Could you return all of the entries word for word, minus any pictures?

-----

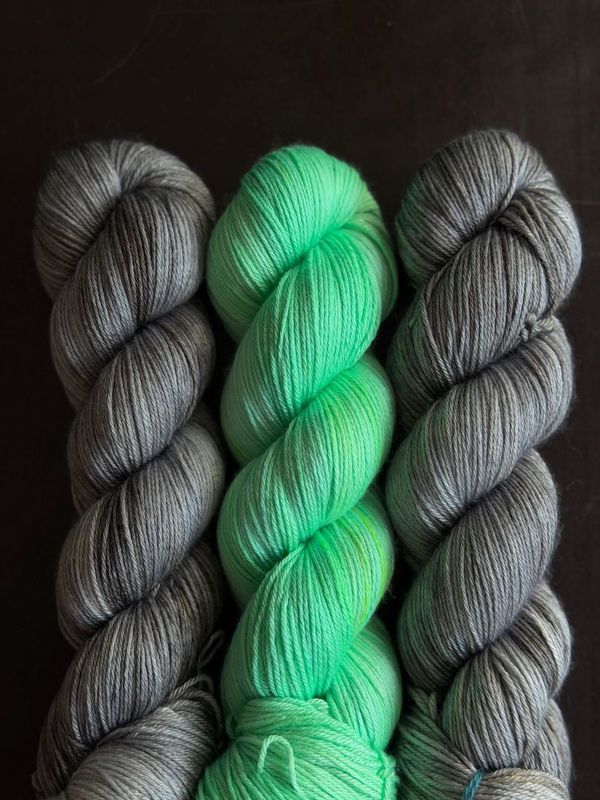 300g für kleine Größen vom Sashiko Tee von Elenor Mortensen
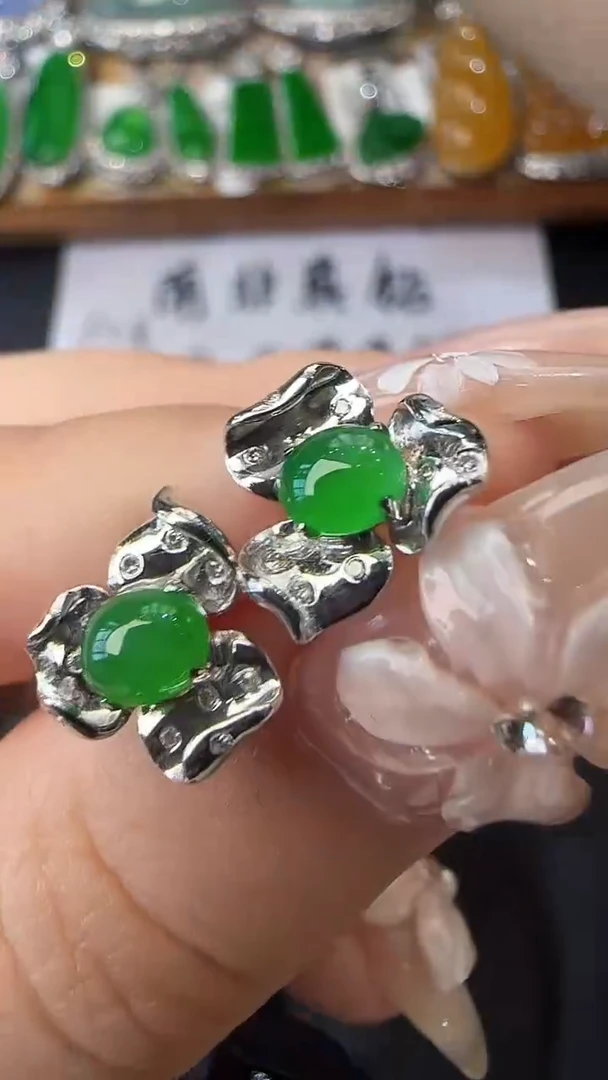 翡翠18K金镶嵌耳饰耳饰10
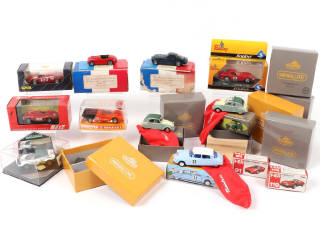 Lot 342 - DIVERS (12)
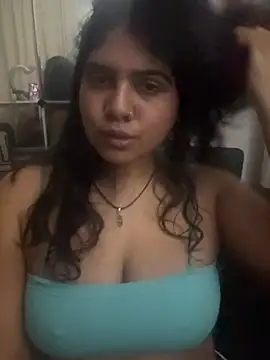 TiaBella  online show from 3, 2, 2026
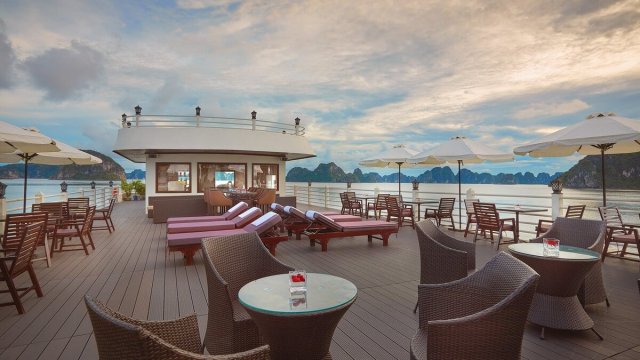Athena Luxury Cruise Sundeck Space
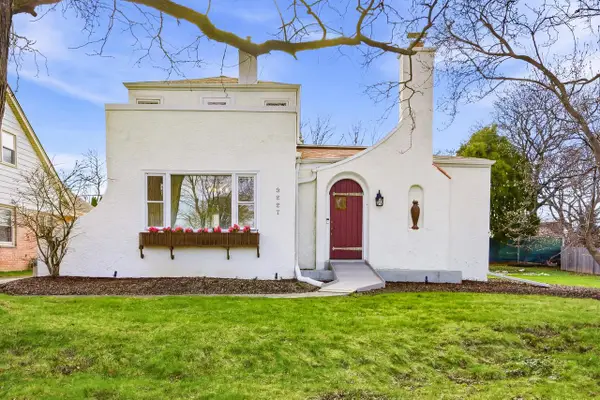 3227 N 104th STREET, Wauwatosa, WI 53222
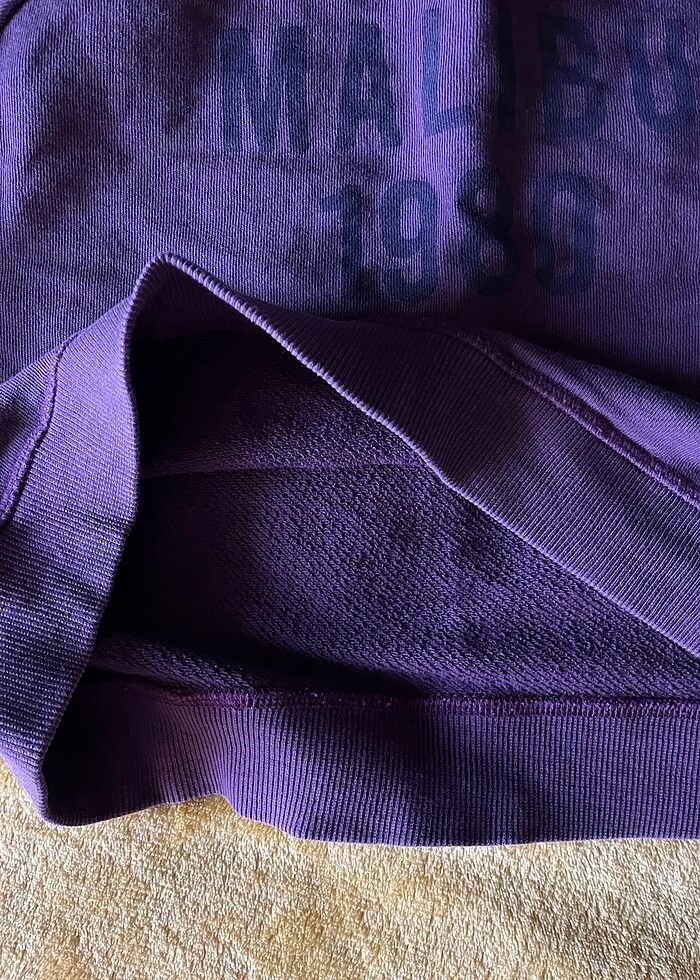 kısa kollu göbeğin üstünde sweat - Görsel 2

-----

■ Written reply:
 300g für kleine Größen vom Sashiko Tee von Elenor Mortensen
 翡翠18K金镶嵌耳饰耳饰10
 Lot 342 - DIVERS (12)
 TiaBella  online show from 3, 2, 2026
Athena Luxury Cruise Sundeck Space
 3227 N 104th STREET, Wauwatosa, WI 53222
 kısa kollu göbeğin üstünde sweat - Görsel 2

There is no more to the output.